Your output should be the lines below from the one with "Coleccionismo de Revistas" through the one with "Coloriage gratuit Colibri", copied exactly, pictures excluded.

▸ **Given information**:
=== Section Start ===

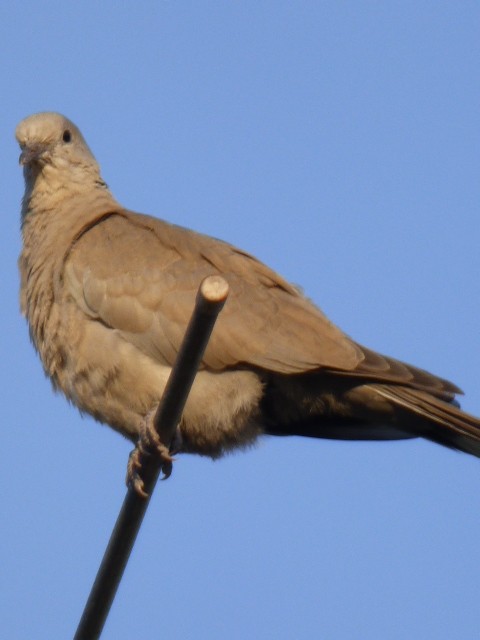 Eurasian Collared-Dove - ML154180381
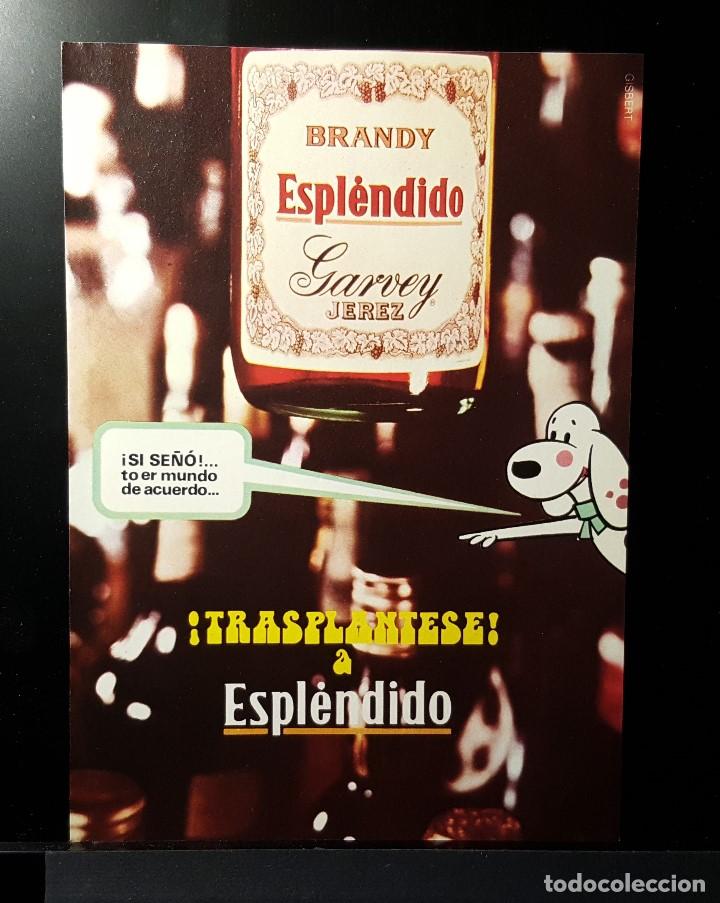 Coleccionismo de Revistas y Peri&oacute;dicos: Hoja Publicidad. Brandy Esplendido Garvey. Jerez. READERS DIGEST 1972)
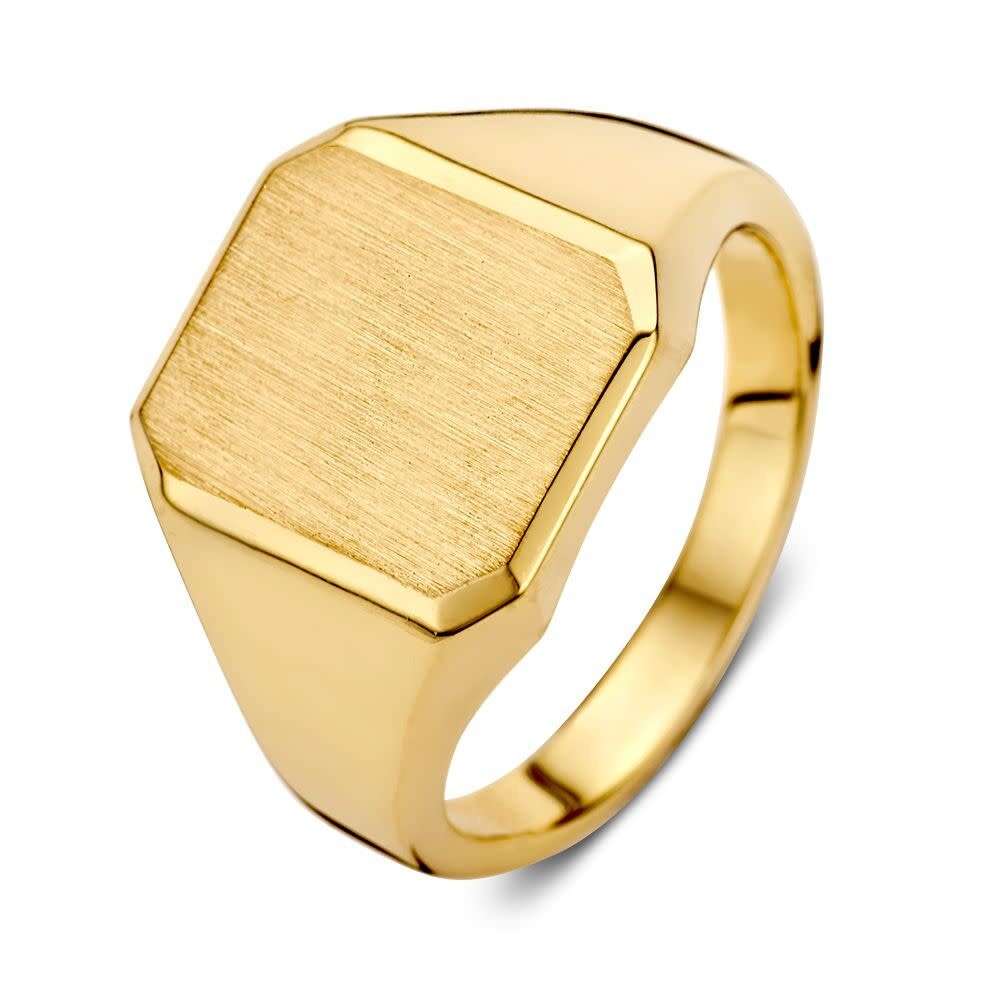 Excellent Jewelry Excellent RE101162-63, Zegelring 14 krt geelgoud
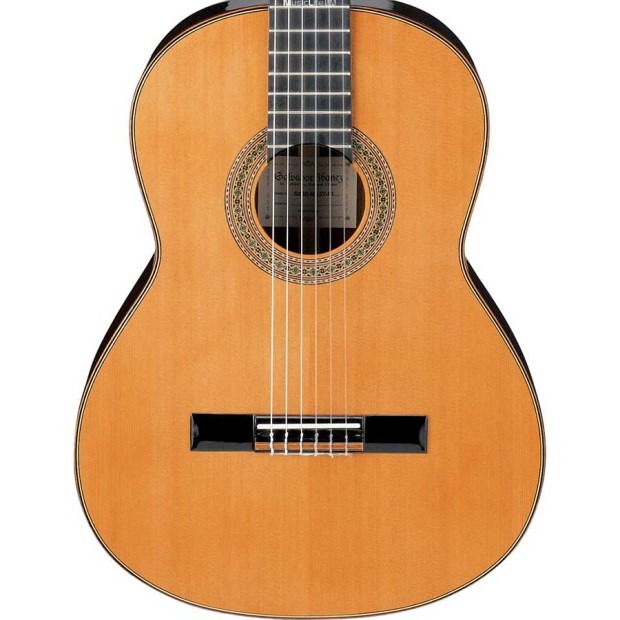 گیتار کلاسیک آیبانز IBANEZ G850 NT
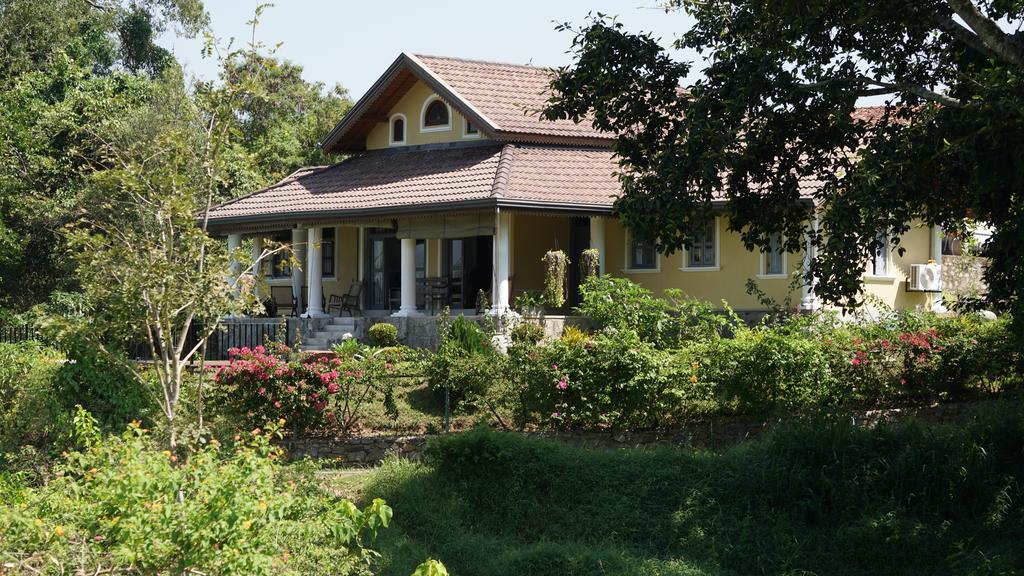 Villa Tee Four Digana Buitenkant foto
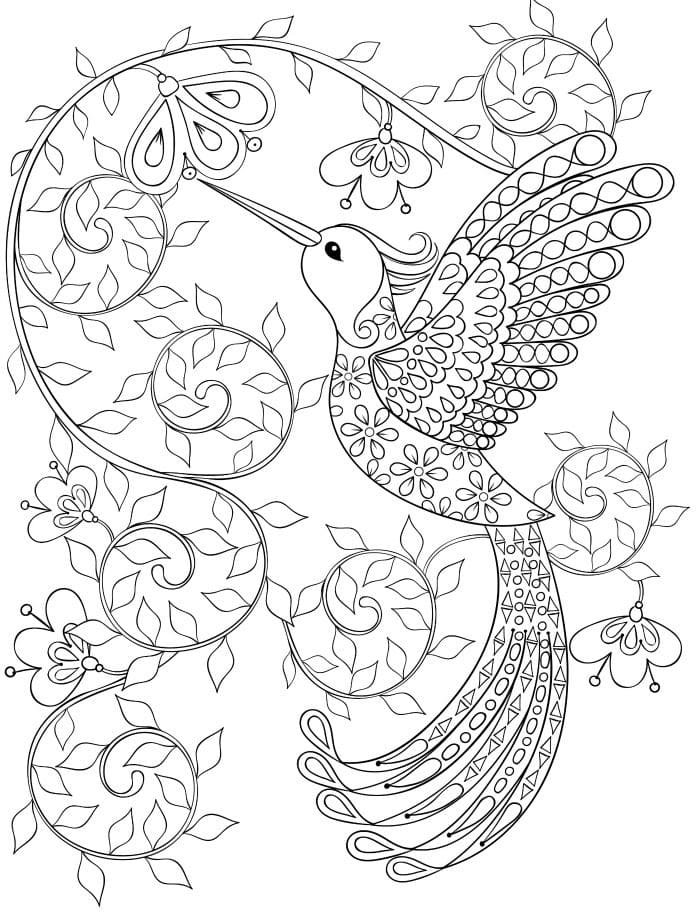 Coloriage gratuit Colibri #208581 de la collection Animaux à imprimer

=== Section End ===
=== Section Start ===

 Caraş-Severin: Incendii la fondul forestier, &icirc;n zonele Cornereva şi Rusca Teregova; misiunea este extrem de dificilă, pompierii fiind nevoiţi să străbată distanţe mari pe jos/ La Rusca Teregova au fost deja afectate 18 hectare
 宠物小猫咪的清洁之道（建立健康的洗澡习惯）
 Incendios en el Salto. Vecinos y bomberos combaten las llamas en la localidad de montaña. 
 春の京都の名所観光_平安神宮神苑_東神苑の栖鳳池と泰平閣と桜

=== Section End ===

▸ **Solution for this exercise**:
 Coleccionismo de Revistas y Peri&oacute;dicos: Hoja Publicidad. Brandy Esplendido Garvey. Jerez. READERS DIGEST 1972)
 Excellent Jewelry Excellent RE101162-63, Zegelring 14 krt geelgoud
 گیتار کلاسیک آیبانز IBANEZ G850 NT
 Villa Tee Four Digana Buitenkant foto
 Coloriage gratuit Colibri #208581 de la collection Animaux à imprimer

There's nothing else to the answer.